Below are the records; repeat exactly their lines between the line holding "Eight Luxury Hotels" and the line holding "SAMSUNG GALAXY S23", inclusive, skipping the pictures.
Data section section start
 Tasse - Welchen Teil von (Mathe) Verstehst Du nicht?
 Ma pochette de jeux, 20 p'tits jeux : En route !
Data section section end
Data section section start
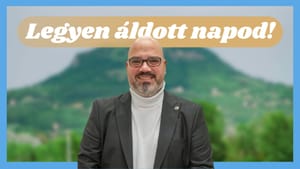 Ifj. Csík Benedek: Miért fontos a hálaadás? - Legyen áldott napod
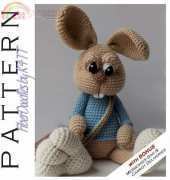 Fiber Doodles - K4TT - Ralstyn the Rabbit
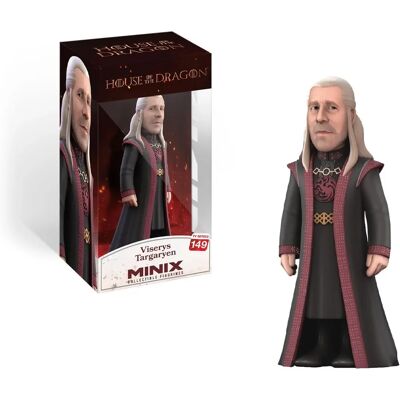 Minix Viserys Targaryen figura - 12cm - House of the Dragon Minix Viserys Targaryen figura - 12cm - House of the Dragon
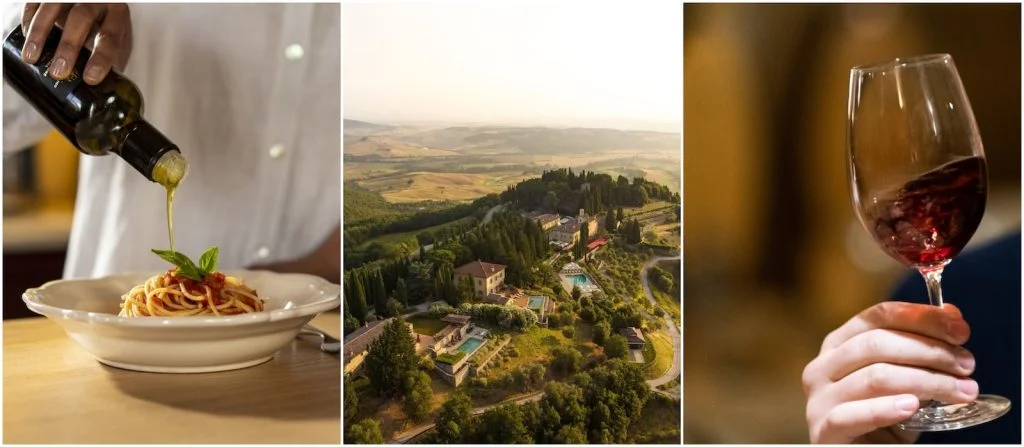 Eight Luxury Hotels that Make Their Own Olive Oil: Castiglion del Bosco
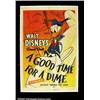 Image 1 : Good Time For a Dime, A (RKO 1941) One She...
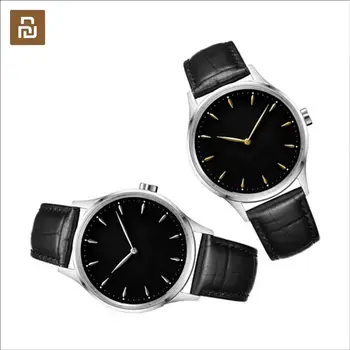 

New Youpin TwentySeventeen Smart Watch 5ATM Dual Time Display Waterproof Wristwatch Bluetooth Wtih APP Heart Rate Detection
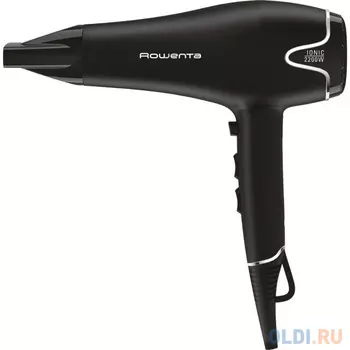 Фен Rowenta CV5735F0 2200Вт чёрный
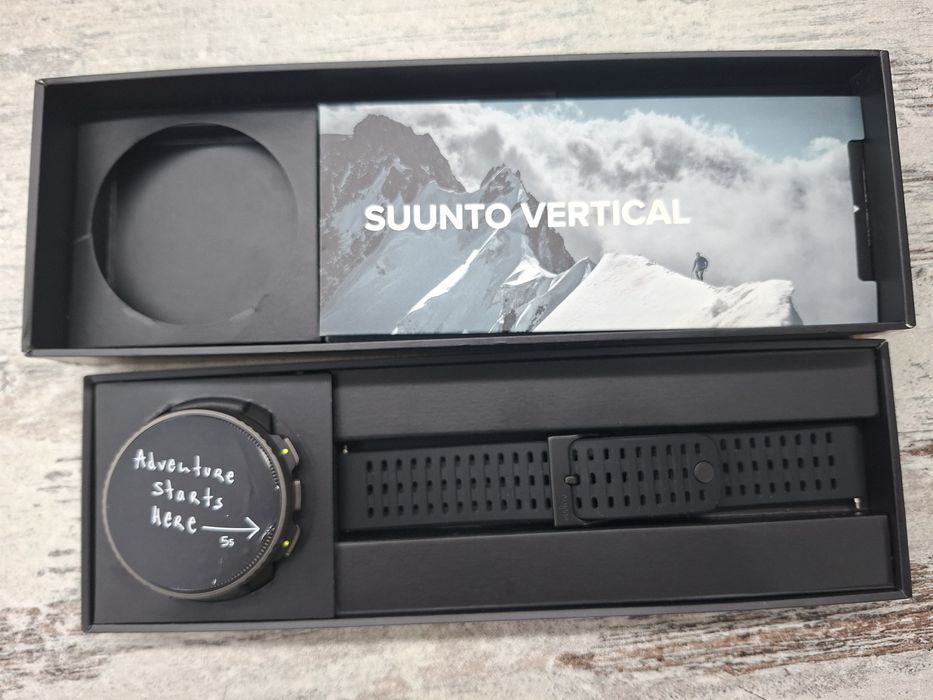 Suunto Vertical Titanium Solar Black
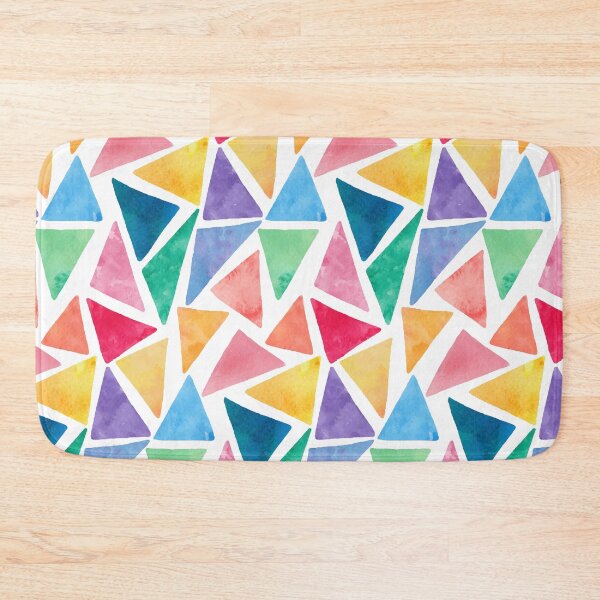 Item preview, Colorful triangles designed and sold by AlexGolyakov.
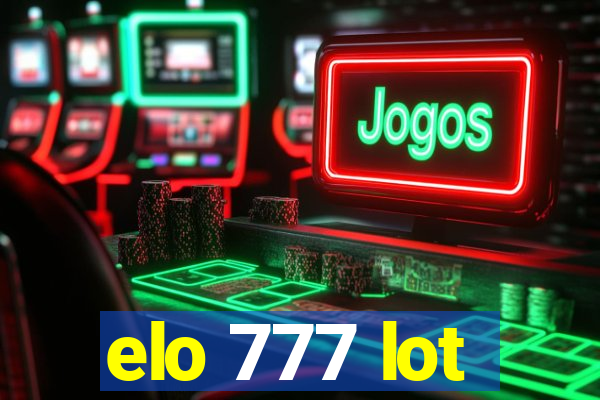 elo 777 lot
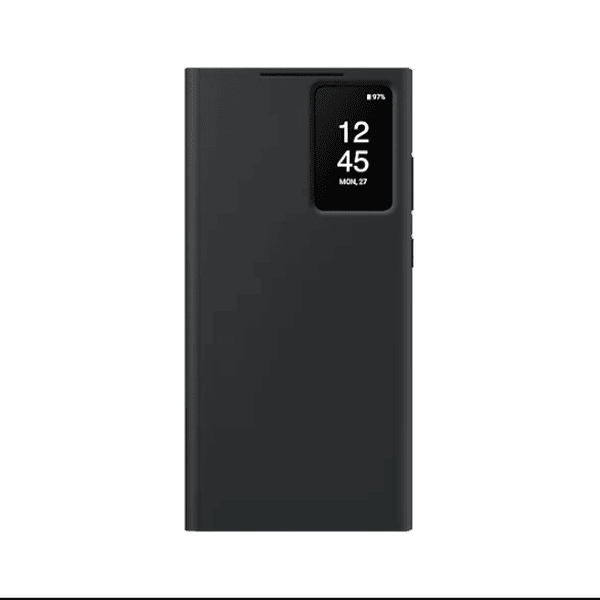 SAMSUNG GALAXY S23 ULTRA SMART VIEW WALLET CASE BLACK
Data section section end
- Task result
 Eight Luxury Hotels that Make Their Own Olive Oil: Castiglion del Bosco
 Image 1 : Good Time For a Dime, A (RKO 1941) One She...

New Youpin TwentySeventeen Smart Watch 5ATM Dual Time Display Waterproof Wristwatch Bluetooth Wtih APP Heart Rate Detection
 Фен Rowenta CV5735F0 2200Вт чёрный
 Suunto Vertical Titanium Solar Black
 Item preview, Colorful triangles designed and sold by AlexGolyakov.
 elo 777 lot
 SAMSUNG GALAXY S23 ULTRA SMART VIEW WALLET CASE BLACK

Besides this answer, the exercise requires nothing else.